■ **Problem details**:
The answer is to consist only of an exact retyping of the lines from the one containing "Tổ chức lại" to the end of the entries, without pictures.

■ **Records excerpted from a collection**:
Start of Block

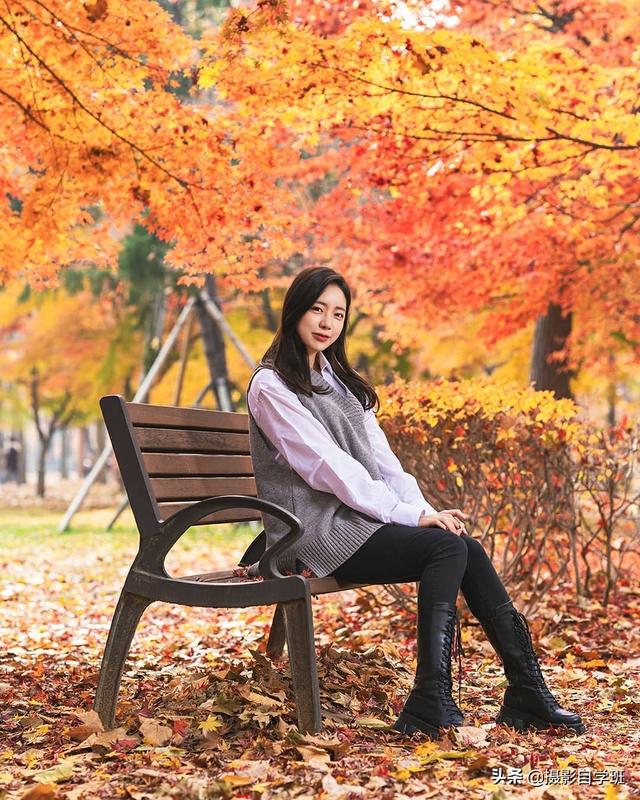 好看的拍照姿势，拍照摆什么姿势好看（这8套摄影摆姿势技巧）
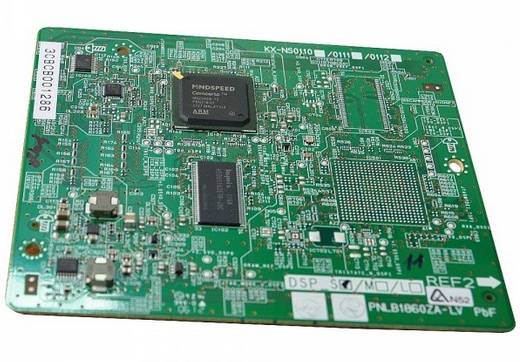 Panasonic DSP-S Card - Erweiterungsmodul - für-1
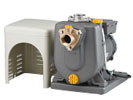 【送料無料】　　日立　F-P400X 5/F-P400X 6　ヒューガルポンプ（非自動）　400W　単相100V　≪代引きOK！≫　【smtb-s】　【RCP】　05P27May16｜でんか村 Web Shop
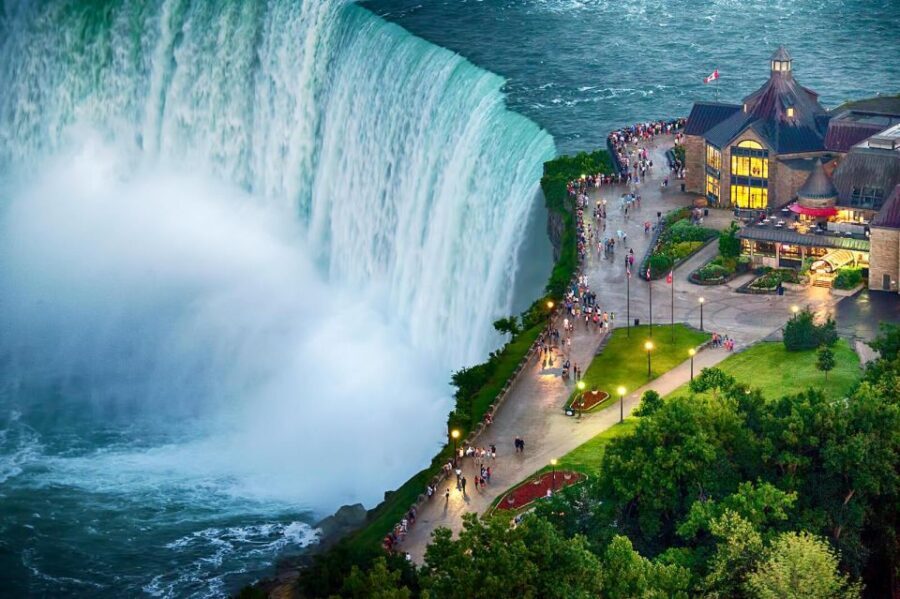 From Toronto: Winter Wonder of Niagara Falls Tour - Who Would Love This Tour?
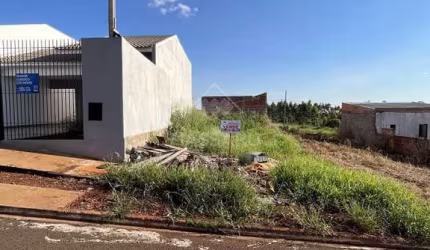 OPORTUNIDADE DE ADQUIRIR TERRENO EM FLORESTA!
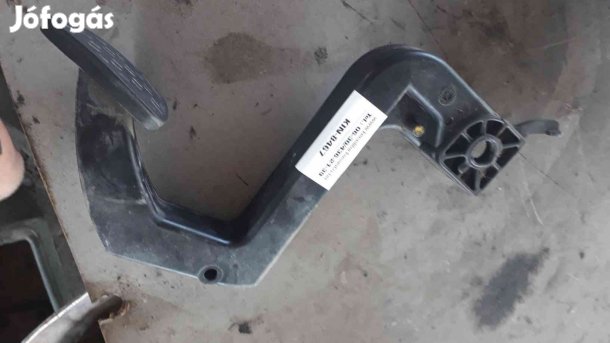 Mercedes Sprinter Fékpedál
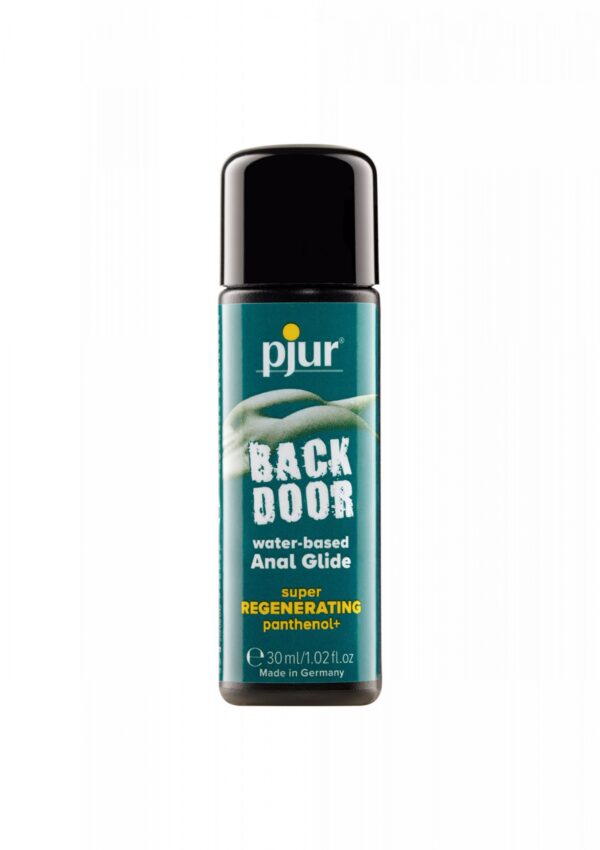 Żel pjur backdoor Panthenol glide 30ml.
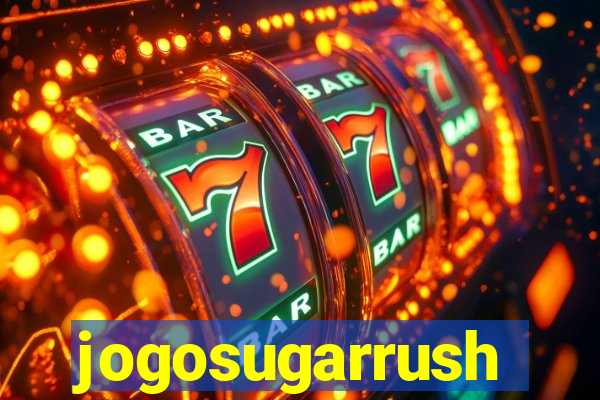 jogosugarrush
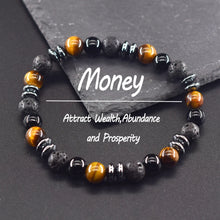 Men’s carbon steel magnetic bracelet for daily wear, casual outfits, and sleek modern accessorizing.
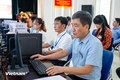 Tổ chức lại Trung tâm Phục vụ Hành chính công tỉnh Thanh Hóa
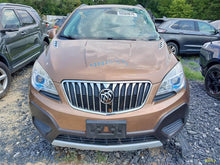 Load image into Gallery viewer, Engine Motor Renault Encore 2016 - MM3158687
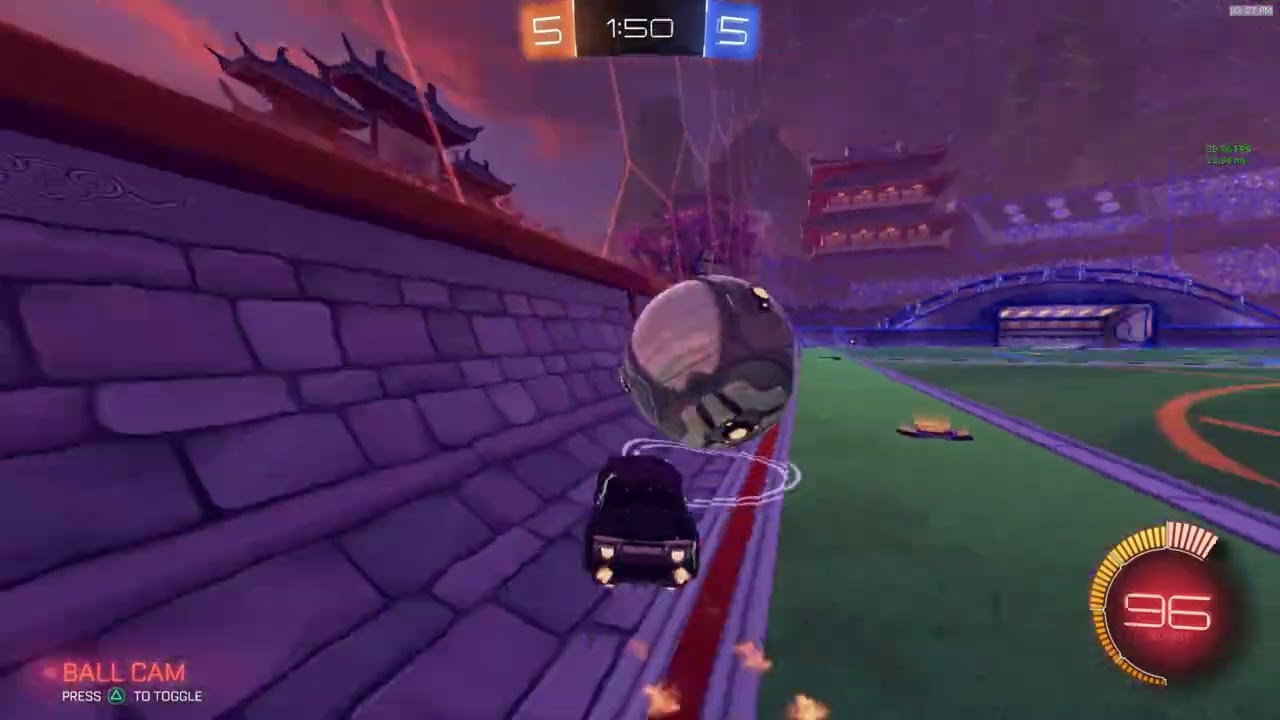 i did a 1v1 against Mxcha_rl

End of Block

■ **Task solution**:
 Tổ chức lại Trung tâm Phục vụ Hành chính công tỉnh Thanh Hóa
 Load image into Gallery viewer, Engine Motor Renault Encore 2016 - MM3158687
 i did a 1v1 against Mxcha_rl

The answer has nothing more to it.